[Task instructions]: Return, with both end lines included, exactly what the data below holds from the line with "in Sao Paulo" through the line with "विश्व साइकिल दिवस", though not the pictures.

[Records for this task]:

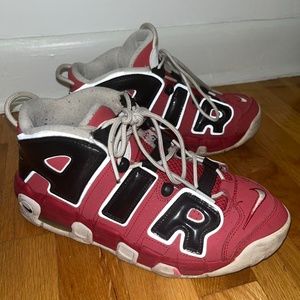 Nike Air More Uptempo Sneakers - Size 7Y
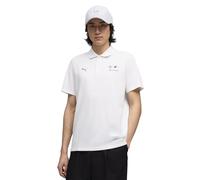 Puma Bmw Mms Ess Short Sleeve Polo Blanc L Homme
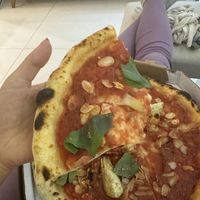 Pizza  at A Piizza - A πzza in Sao Paulo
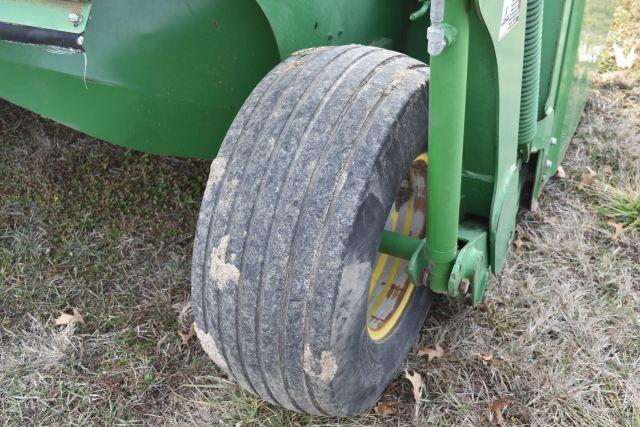 John Deere 835 Mower Conditioner, 2009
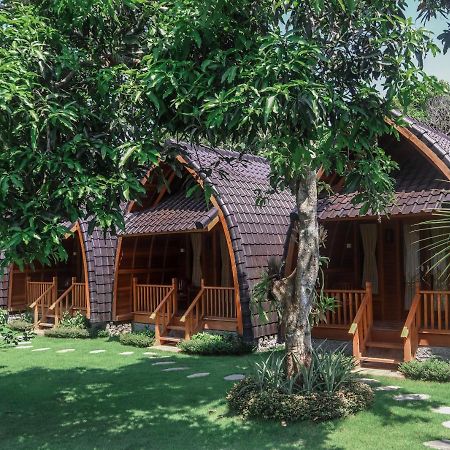 Lumbung Temu Homestay Ungasan Exteriör bild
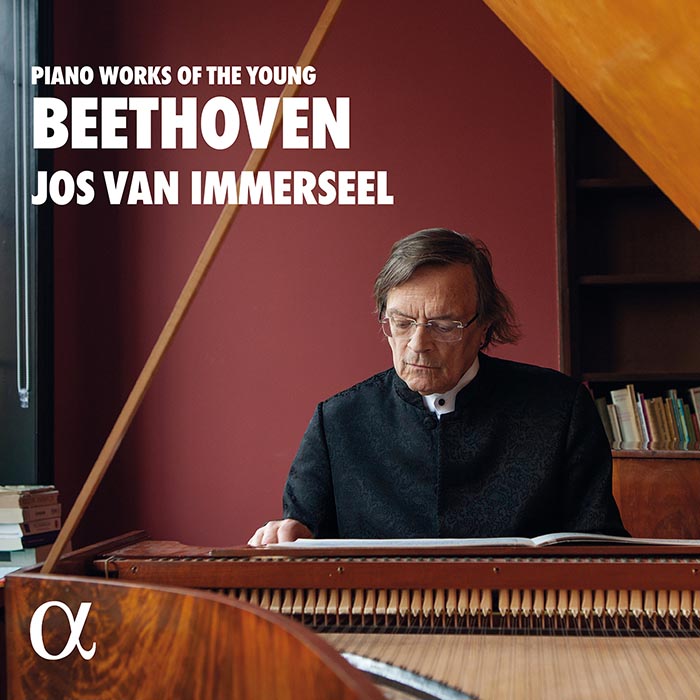 Ludwig van Beethoven / Piano Works of the Young Beethoven // Jos van Immerseel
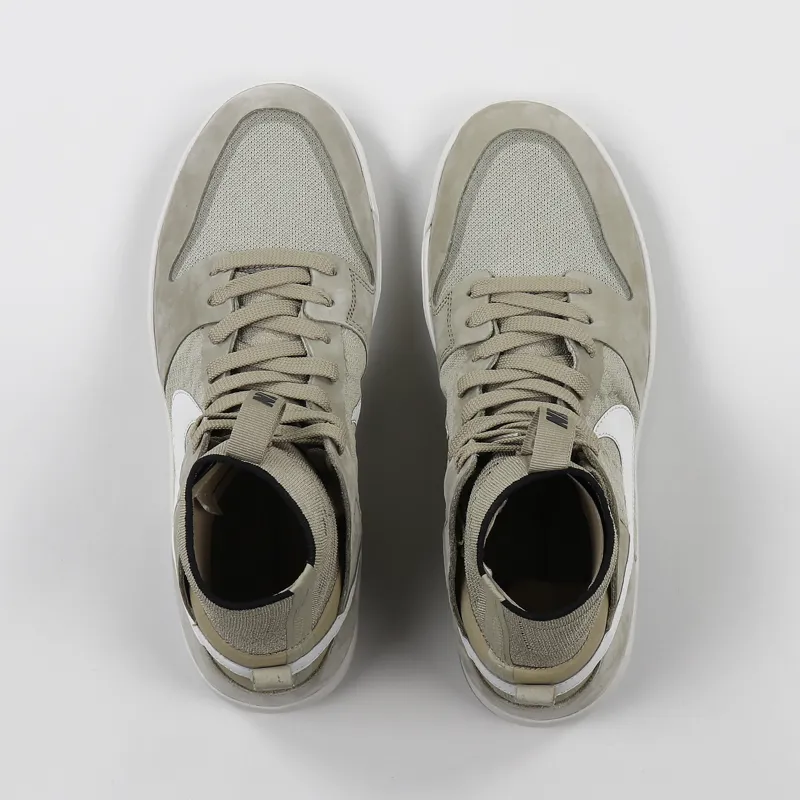 Nike SB Dunk High Elite Shoes Light Bone-6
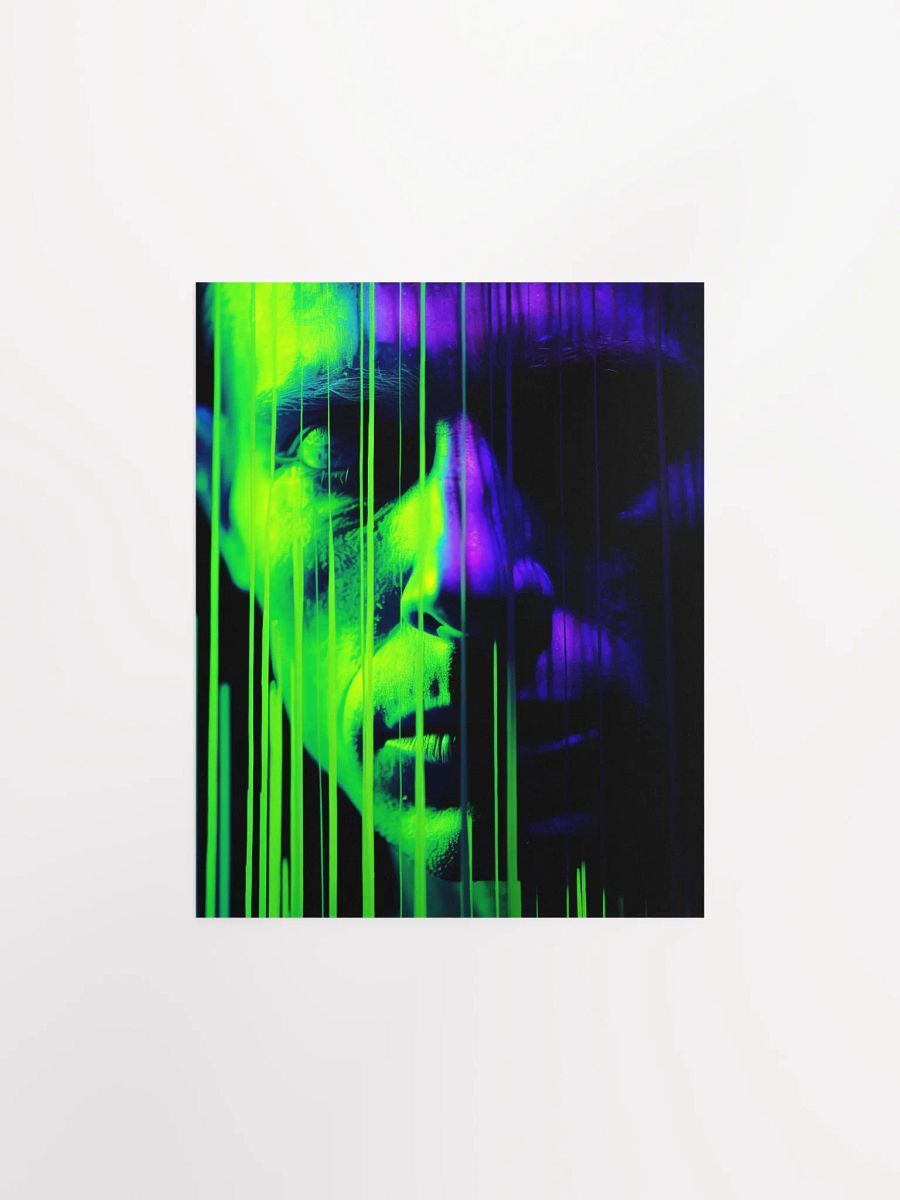 Neon Dreams Enhanced Poster product image (1)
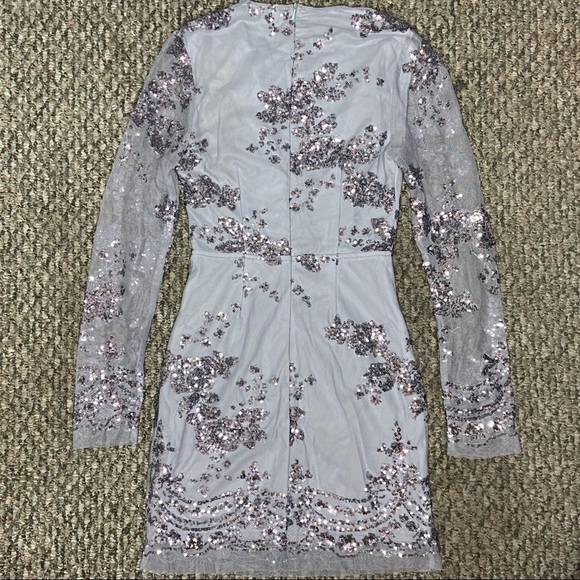 Misguided sequin embellished dress - Picture 11 of 13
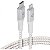Cabo Spinger Usb-C Para Lightning C10Cl 1M - Branco - Imagem 1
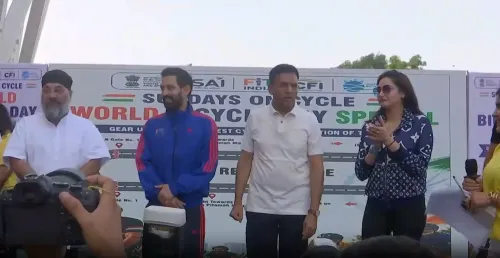 विश्व साइकिल दिवस पर 'संडे ऑन साइकिल' का 77वाँ संस्करण, मांडविया बोले — हर दिन एक ट्रिप साइकिल से करें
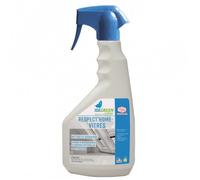 Produits nettoyage - Produit ménager entretien maison - nettoyant - graisse alimentaire - degraissant cuisine - Nettoyant vitres et surfaces - RESPECT HOME VITRES - Spray de 750ml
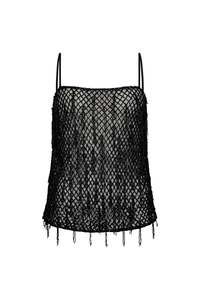 As Seen On Abigail Lengui: Singlet in Beading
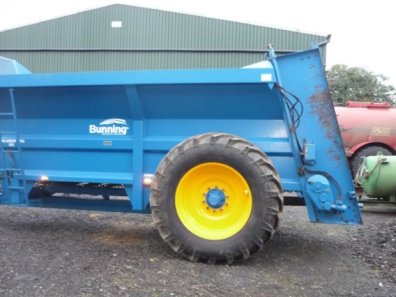 Bunning Lowlander 105 MK4 spreader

[Result for this task]:
 Pizza  at A Piizza - A πzza in Sao Paulo
 John Deere 835 Mower Conditioner, 2009
 Lumbung Temu Homestay Ungasan Exteriör bild
 Ludwig van Beethoven / Piano Works of the Young Beethoven // Jos van Immerseel
 Nike SB Dunk High Elite Shoes Light Bone-6
 Neon Dreams Enhanced Poster product image (1)
 Misguided sequin embellished dress - Picture 11 of 13
Cabo Spinger Usb-C Para Lightning C10Cl 1M - Branco - Imagem 1
 विश्व साइकिल दिवस पर 'संडे ऑन साइकिल' का 77वाँ संस्करण, मांडविया बोले — हर दिन एक ट्रिप साइकिल से करें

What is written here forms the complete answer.